▶ WORK TO COMPLETE
Repeat exactly the line with "Dwa krokodyle kr&oacute;tkopyskie" and each line after it to the end of the data below; pictures stay out.

Records contained in a dataset
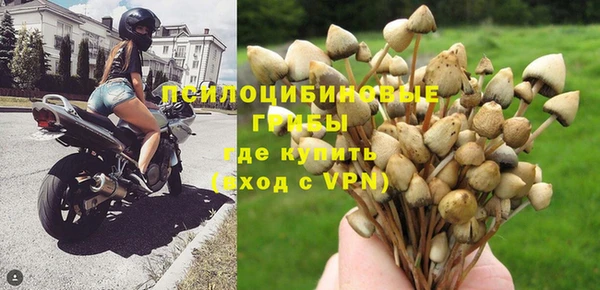 винт Каменка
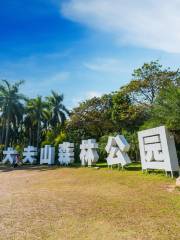 Dafu Mountain Forest Park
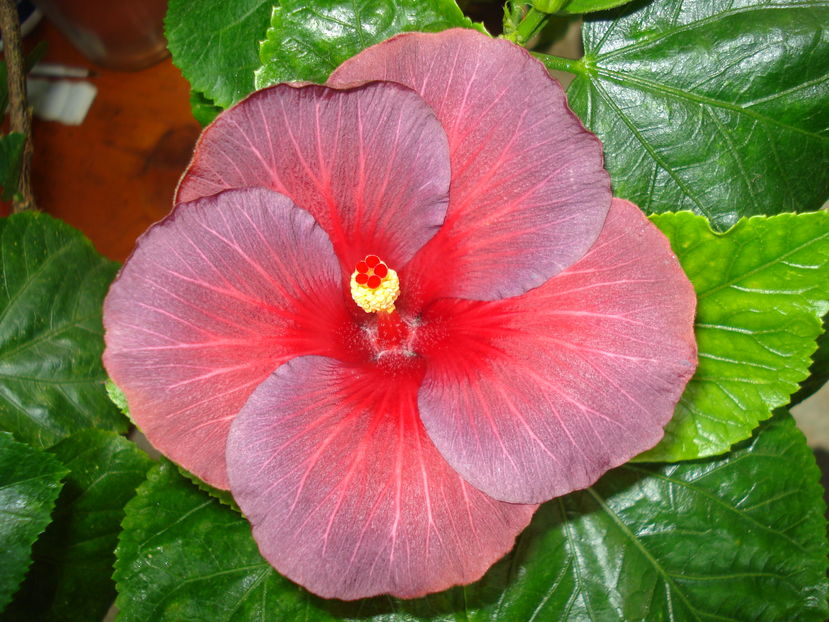  - Hibiscus Bayou Irene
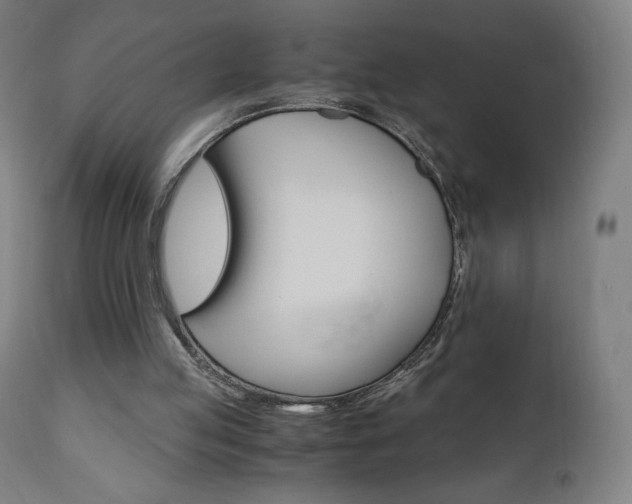 X0000110950053200906191125
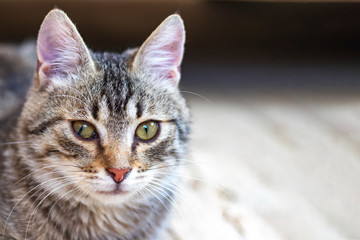Obraz premium Shallow depth of field. Cat. Focus on the nose. Close-up.
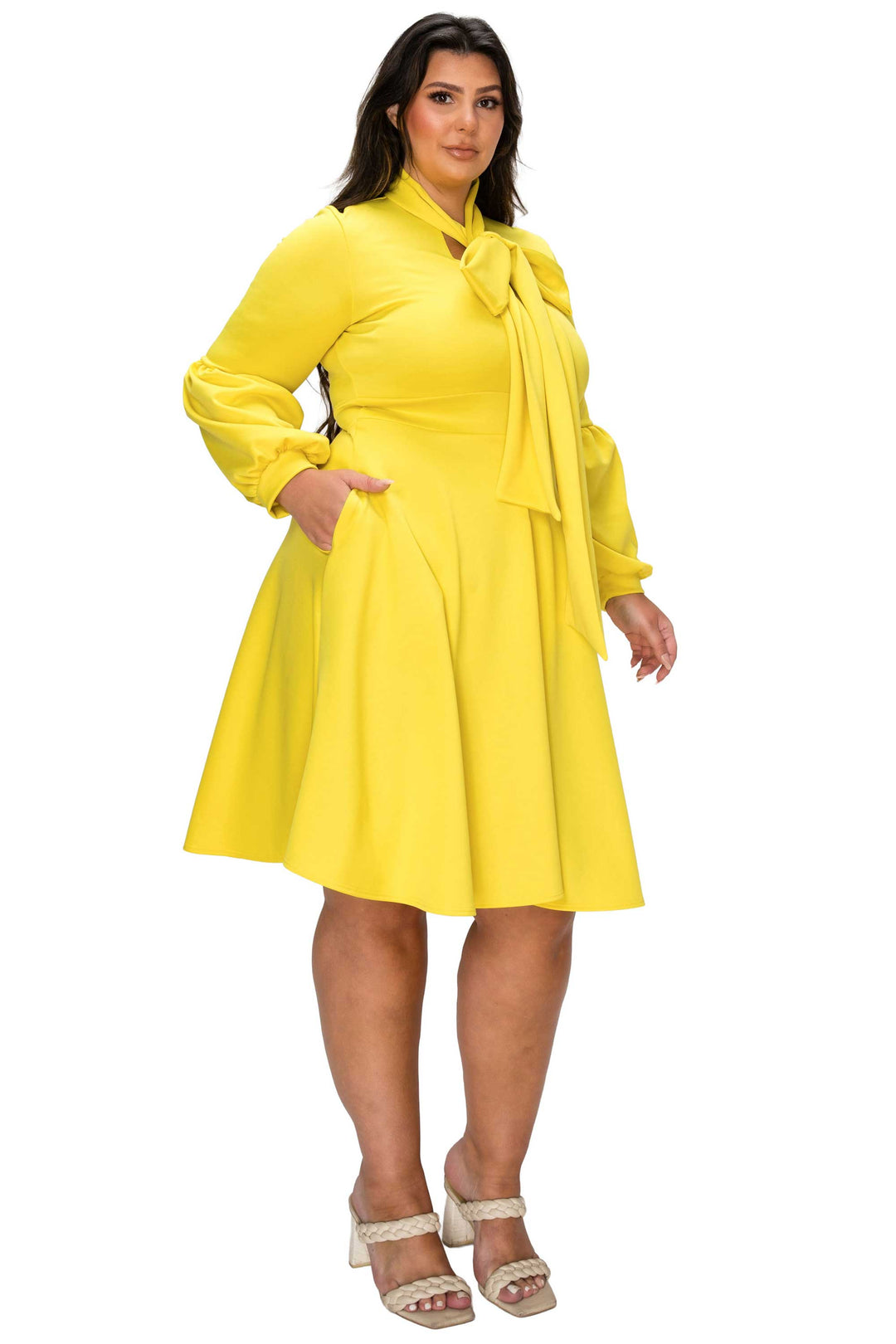 Bekah Flare Pocket Dress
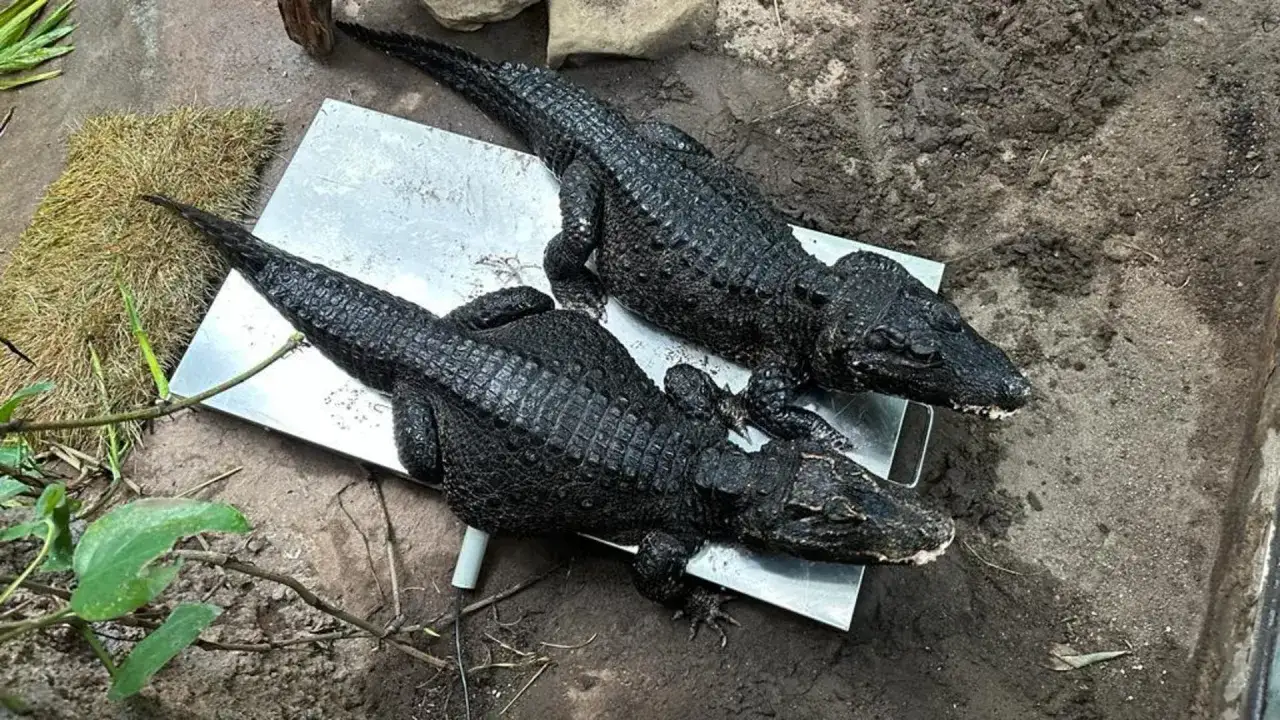 Dwa krokodyle kr&oacute;tkopyskie leżą na metalowej wadze.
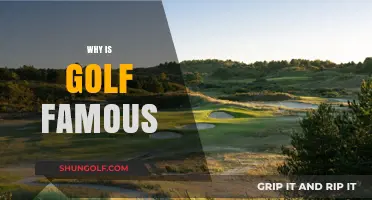 Why Golf Captivates Millions: Exploring Its Global Fame and Appeal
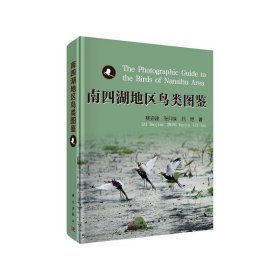 南四湖地區(qū)鳥類圖鑒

▶ SOLUTION
 Dwa krokodyle kr&oacute;tkopyskie leżą na metalowej wadze.
 Why Golf Captivates Millions: Exploring Its Global Fame and Appeal
 南四湖地區(qū)鳥類圖鑒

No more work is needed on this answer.